══ INPUT DATA ══
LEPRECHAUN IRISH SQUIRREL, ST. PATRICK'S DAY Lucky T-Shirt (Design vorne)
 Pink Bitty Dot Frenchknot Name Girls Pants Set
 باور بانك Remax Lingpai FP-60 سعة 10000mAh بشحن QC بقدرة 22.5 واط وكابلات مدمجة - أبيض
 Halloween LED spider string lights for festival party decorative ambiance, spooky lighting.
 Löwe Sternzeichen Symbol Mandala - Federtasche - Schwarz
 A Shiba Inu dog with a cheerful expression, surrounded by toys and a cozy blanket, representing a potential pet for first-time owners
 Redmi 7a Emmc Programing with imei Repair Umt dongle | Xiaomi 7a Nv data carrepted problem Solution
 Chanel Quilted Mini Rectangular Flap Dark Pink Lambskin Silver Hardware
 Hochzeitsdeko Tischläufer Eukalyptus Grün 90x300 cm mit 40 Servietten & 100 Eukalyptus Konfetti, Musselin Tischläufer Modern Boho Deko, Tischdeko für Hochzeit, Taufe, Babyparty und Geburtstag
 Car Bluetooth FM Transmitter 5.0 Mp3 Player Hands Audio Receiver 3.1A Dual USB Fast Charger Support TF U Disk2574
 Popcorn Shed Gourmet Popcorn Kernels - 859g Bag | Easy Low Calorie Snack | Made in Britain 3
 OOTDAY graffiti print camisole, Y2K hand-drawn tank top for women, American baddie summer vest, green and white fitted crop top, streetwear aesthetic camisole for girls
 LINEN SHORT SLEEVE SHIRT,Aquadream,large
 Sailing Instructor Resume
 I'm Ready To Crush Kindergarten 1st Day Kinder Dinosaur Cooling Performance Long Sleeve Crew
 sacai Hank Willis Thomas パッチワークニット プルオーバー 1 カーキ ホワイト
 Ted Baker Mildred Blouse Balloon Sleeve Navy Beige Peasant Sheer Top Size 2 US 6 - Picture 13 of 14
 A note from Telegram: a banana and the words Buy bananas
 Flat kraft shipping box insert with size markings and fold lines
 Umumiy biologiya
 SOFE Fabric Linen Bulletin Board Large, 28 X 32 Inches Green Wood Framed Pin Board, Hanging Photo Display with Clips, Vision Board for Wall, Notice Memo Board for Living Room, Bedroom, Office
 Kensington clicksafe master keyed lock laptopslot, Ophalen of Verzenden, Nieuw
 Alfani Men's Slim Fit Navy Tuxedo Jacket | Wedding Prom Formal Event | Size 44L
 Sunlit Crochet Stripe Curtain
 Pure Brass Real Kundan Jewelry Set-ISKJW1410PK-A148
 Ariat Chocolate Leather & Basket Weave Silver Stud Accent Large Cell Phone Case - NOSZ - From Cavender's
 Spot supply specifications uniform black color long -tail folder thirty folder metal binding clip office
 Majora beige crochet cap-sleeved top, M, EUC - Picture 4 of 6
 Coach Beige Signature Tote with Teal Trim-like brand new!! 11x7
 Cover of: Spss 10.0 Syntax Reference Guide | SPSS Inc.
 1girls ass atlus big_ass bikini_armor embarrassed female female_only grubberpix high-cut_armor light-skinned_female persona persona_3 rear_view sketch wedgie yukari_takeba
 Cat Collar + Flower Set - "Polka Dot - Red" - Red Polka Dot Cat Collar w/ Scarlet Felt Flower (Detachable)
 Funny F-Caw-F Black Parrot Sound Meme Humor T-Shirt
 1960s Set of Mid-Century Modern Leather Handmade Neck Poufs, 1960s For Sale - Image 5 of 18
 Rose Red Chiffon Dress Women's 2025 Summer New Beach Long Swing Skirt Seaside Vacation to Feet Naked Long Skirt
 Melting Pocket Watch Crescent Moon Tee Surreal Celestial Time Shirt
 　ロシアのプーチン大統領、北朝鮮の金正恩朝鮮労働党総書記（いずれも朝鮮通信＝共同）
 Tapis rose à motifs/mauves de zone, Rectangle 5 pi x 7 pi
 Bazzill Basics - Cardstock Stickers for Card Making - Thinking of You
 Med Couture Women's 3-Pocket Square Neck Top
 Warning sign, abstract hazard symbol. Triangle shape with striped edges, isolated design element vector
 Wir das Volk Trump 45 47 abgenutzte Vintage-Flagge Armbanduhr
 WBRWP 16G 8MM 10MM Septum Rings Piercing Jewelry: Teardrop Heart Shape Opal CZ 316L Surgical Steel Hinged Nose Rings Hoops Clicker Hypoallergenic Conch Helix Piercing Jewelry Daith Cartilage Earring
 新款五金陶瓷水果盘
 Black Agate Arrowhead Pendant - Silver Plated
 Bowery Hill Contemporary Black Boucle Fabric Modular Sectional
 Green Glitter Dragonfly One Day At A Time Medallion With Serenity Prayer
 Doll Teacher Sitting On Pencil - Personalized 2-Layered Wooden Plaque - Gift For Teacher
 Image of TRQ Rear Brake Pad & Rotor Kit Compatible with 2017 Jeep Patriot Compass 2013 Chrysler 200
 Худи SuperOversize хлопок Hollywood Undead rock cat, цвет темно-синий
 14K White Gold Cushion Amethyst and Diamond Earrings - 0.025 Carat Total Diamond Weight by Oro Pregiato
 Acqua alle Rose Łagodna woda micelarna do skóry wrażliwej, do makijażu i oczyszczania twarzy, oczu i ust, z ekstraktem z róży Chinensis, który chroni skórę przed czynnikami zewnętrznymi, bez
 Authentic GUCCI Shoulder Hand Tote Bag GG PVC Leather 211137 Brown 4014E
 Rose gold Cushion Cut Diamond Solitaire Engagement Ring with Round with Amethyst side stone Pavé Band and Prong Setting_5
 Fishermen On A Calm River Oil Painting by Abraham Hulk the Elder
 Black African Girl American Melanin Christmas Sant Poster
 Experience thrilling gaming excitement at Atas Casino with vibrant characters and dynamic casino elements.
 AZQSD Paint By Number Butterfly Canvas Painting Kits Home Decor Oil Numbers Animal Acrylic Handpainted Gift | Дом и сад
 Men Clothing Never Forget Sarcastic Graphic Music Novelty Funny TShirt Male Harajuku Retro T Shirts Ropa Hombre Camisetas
═══
TASK TO COMPLETE:
Starting at the first entry and ending at the last, reproduce each one exactly.

THE ANSWER:
LEPRECHAUN IRISH SQUIRREL, ST. PATRICK'S DAY Lucky T-Shirt (Design vorne)
 Pink Bitty Dot Frenchknot Name Girls Pants Set
 باور بانك Remax Lingpai FP-60 سعة 10000mAh بشحن QC بقدرة 22.5 واط وكابلات مدمجة - أبيض
 Halloween LED spider string lights for festival party decorative ambiance, spooky lighting.
 Löwe Sternzeichen Symbol Mandala - Federtasche - Schwarz
 A Shiba Inu dog with a cheerful expression, surrounded by toys and a cozy blanket, representing a potential pet for first-time owners
 Redmi 7a Emmc Programing with imei Repair Umt dongle | Xiaomi 7a Nv data carrepted problem Solution
 Chanel Quilted Mini Rectangular Flap Dark Pink Lambskin Silver Hardware
 Hochzeitsdeko Tischläufer Eukalyptus Grün 90x300 cm mit 40 Servietten & 100 Eukalyptus Konfetti, Musselin Tischläufer Modern Boho Deko, Tischdeko für Hochzeit, Taufe, Babyparty und Geburtstag
 Car Bluetooth FM Transmitter 5.0 Mp3 Player Hands Audio Receiver 3.1A Dual USB Fast Charger Support TF U Disk2574
 Popcorn Shed Gourmet Popcorn Kernels - 859g Bag | Easy Low Calorie Snack | Made in Britain 3
 OOTDAY graffiti print camisole, Y2K hand-drawn tank top for women, American baddie summer vest, green and white fitted crop top, streetwear aesthetic camisole for girls
 LINEN SHORT SLEEVE SHIRT,Aquadream,large
 Sailing Instructor Resume
 I'm Ready To Crush Kindergarten 1st Day Kinder Dinosaur Cooling Performance Long Sleeve Crew
 sacai Hank Willis Thomas パッチワークニット プルオーバー 1 カーキ ホワイト
 Ted Baker Mildred Blouse Balloon Sleeve Navy Beige Peasant Sheer Top Size 2 US 6 - Picture 13 of 14
 A note from Telegram: a banana and the words Buy bananas
 Flat kraft shipping box insert with size markings and fold lines
 Umumiy biologiya
 SOFE Fabric Linen Bulletin Board Large, 28 X 32 Inches Green Wood Framed Pin Board, Hanging Photo Display with Clips, Vision Board for Wall, Notice Memo Board for Living Room, Bedroom, Office
 Kensington clicksafe master keyed lock laptopslot, Ophalen of Verzenden, Nieuw
 Alfani Men's Slim Fit Navy Tuxedo Jacket | Wedding Prom Formal Event | Size 44L
 Sunlit Crochet Stripe Curtain
 Pure Brass Real Kundan Jewelry Set-ISKJW1410PK-A148
 Ariat Chocolate Leather & Basket Weave Silver Stud Accent Large Cell Phone Case - NOSZ - From Cavender's
 Spot supply specifications uniform black color long -tail folder thirty folder metal binding clip office
 Majora beige crochet cap-sleeved top, M, EUC - Picture 4 of 6
 Coach Beige Signature Tote with Teal Trim-like brand new!! 11x7
 Cover of: Spss 10.0 Syntax Reference Guide | SPSS Inc.
 1girls ass atlus big_ass bikini_armor embarrassed female female_only grubberpix high-cut_armor light-skinned_female persona persona_3 rear_view sketch wedgie yukari_takeba
 Cat Collar + Flower Set - "Polka Dot - Red" - Red Polka Dot Cat Collar w/ Scarlet Felt Flower (Detachable)
 Funny F-Caw-F Black Parrot Sound Meme Humor T-Shirt
 1960s Set of Mid-Century Modern Leather Handmade Neck Poufs, 1960s For Sale - Image 5 of 18
 Rose Red Chiffon Dress Women's 2025 Summer New Beach Long Swing Skirt Seaside Vacation to Feet Naked Long Skirt
 Melting Pocket Watch Crescent Moon Tee Surreal Celestial Time Shirt
 　ロシアのプーチン大統領、北朝鮮の金正恩朝鮮労働党総書記（いずれも朝鮮通信＝共同）
 Tapis rose à motifs/mauves de zone, Rectangle 5 pi x 7 pi
 Bazzill Basics - Cardstock Stickers for Card Making - Thinking of You
 Med Couture Women's 3-Pocket Square Neck Top
 Warning sign, abstract hazard symbol. Triangle shape with striped edges, isolated design element vector
 Wir das Volk Trump 45 47 abgenutzte Vintage-Flagge Armbanduhr
 WBRWP 16G 8MM 10MM Septum Rings Piercing Jewelry: Teardrop Heart Shape Opal CZ 316L Surgical Steel Hinged Nose Rings Hoops Clicker Hypoallergenic Conch Helix Piercing Jewelry Daith Cartilage Earring
 新款五金陶瓷水果盘
 Black Agate Arrowhead Pendant - Silver Plated
 Bowery Hill Contemporary Black Boucle Fabric Modular Sectional
 Green Glitter Dragonfly One Day At A Time Medallion With Serenity Prayer
 Doll Teacher Sitting On Pencil - Personalized 2-Layered Wooden Plaque - Gift For Teacher
 Image of TRQ Rear Brake Pad & Rotor Kit Compatible with 2017 Jeep Patriot Compass 2013 Chrysler 200
 Худи SuperOversize хлопок Hollywood Undead rock cat, цвет темно-синий
 14K White Gold Cushion Amethyst and Diamond Earrings - 0.025 Carat Total Diamond Weight by Oro Pregiato
 Acqua alle Rose Łagodna woda micelarna do skóry wrażliwej, do makijażu i oczyszczania twarzy, oczu i ust, z ekstraktem z róży Chinensis, który chroni skórę przed czynnikami zewnętrznymi, bez
 Authentic GUCCI Shoulder Hand Tote Bag GG PVC Leather 211137 Brown 4014E
 Rose gold Cushion Cut Diamond Solitaire Engagement Ring with Round with Amethyst side stone Pavé Band and Prong Setting_5
 Fishermen On A Calm River Oil Painting by Abraham Hulk the Elder
 Black African Girl American Melanin Christmas Sant Poster
 Experience thrilling gaming excitement at Atas Casino with vibrant characters and dynamic casino elements.
 AZQSD Paint By Number Butterfly Canvas Painting Kits Home Decor Oil Numbers Animal Acrylic Handpainted Gift | Дом и сад
 Men Clothing Never Forget Sarcastic Graphic Music Novelty Funny TShirt Male Harajuku Retro T Shirts Ropa Hombre Camisetas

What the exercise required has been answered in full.